Pourquoi ? Parce que l'appréciation de ces titres, qui semble si «facile» aujourd'hui, était loin d'être linéaire. Bien au contraire. Prenons l'exemple de Netflix. Rappelez-vous que l'investisseur qui a acheté des actions de cette société Internet a multiplié son avoir par presque 60 fois. Vous salivez, n'est-ce pas ?
Pas si vite. Vous oubliez que, pendant sa route vers le ciel, Netflix a perdu 25 % de sa valeur en une seule journée, pas seulement une fois, mais quatre fois. Pendant une période de quatre mois en 2011, le titre a fondu de 80 % ! Lors de sa pire séance boursière, il a dégringolé de... 41 %.
C'est ce qui pousse Barry Ritholtz à dire que la plupart des investisseurs auraient vendu leurs titres, poussés par la peur de tout perdre. Si je me fie à mon expérience, je ne peux qu'être d'accord.
La plupart des investisseurs n'ont pas l'estomac pour encaisser les fluctuations quotidiennes. Je parle ici de la volatilité normale en Bourse qui fait baisser les titres de quelques degrés de pourcentage en quelques séances, ou lors d'une seule journée. Alors, imaginez lorsqu'un titre fond de 20 % ou 30 % !
Tous ces grands gagnants ont vécu de telles périodes noires.
Imaginez-vous maintenant d'avoir des centaines de milliers de dollars dans un de ces titres (ce qui est plausible, si vous avez investi un bon montant qui s'est apprécié considérablement) et de le voir crouler de 25 %. Oups... les cauchemars apparaissent, les émotions négatives prennent le dessus et la tentation de vendre devient irrésistible.
L'effet destructeur des émotions
Avoir le pouvoir surhumain de sélectionner les meilleurs titres avant tout le monde ne suffit donc pas pour réussir. M. Ritholz postule que notre cerveau n'a pas été fait pour prendre de bonnes décisions dans les marchés financiers. L'évolution l'a conçu d'abord et surtout pour survivre dans des environnements difficiles, chassant les prédateurs, cherchant des aliments, etc. Ce qui est peu utile pour l'investisseur.
De nombreux experts, en particulier ceux qui ont étudié le domaine de l'économie comportementale, utilisent ce genre d'explications. Et c'est fondé. Toutefois, je ne suis pas convaincu que cela soit nécessaire. Il suffit de prendre en considération l'importance des émotions chez l'être humain pour expliquer ses comportements irrationnels.
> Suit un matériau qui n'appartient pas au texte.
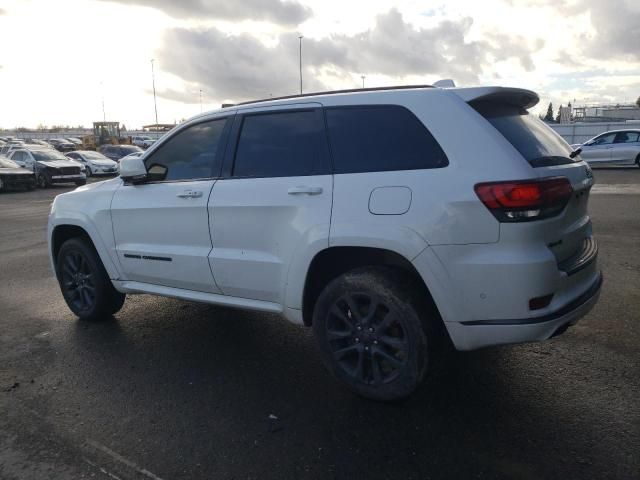 2019 Jeep Grand Cherokee Overland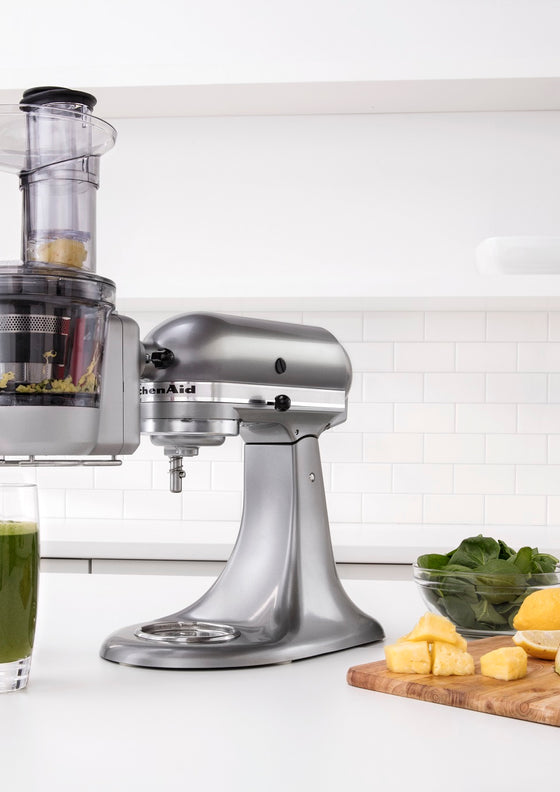 Discover the KitchenAid Juicer and Sauce Attachment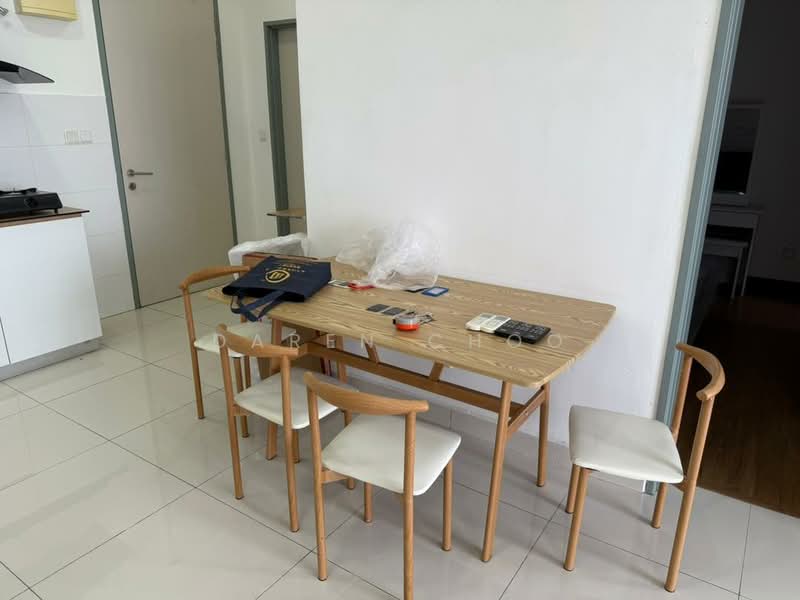 Servis Apartment untuk Disewa di Pinnacle Sri Petaling - Daren Choo - Dining Room - PropertyGuru.com.my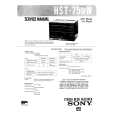 SONY HST750W Service Manual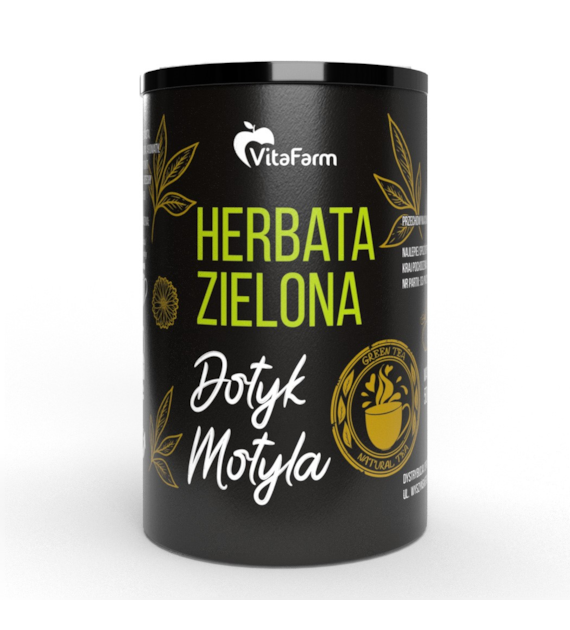 Herbata zielona Dotyk Motyla 50 g (tuba)
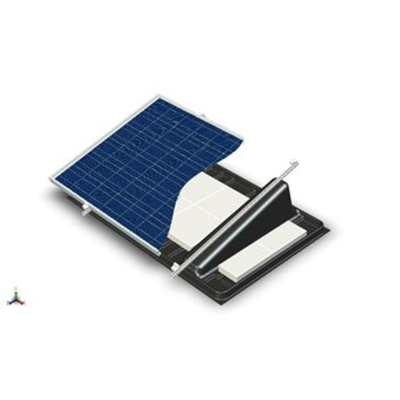 Ubbink Pv montage sur toit plat pour panneaux solaires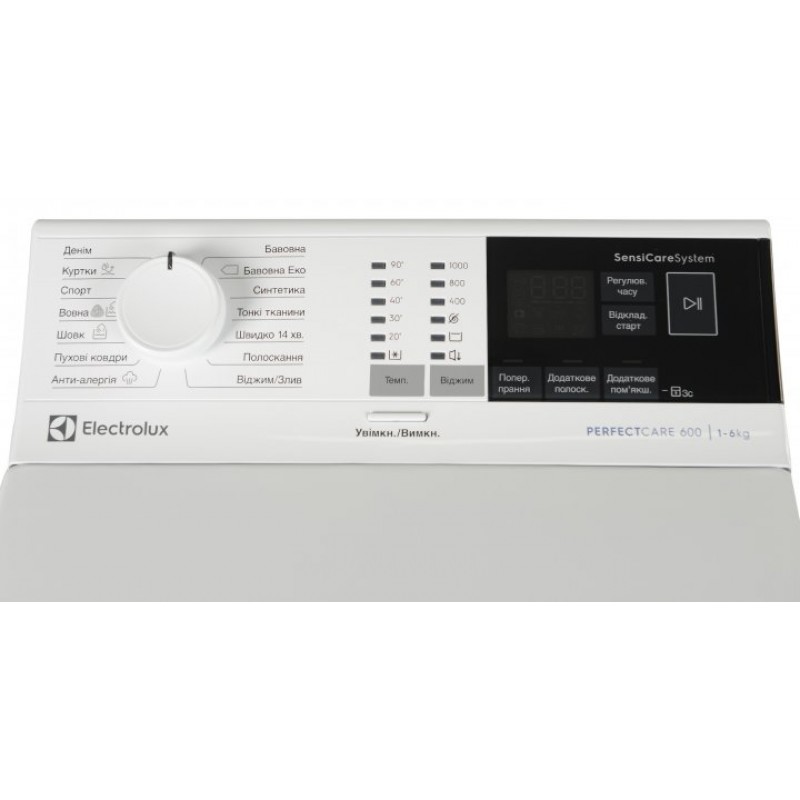 Пральна машина автоматична Electrolux EW6T4062U (6576498)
C'est vrai avec un «V» majuscule à la Bourse et aussi dans la plupart des domaines de sa vie.
Pour réussir à la Bourse, les émotions et leur possible effet doivent donc faire partie de la préoccupation quotidienne des investisseurs.
Votre approche et votre système doivent ainsi être conçus spécifiquement pour limiter les dommages de votre partie émotive.
Ce n'est pas facile, j'en conviens. C'est pour cela que j'insiste sur le fait que faire de l'argent en Bourse est si difficile.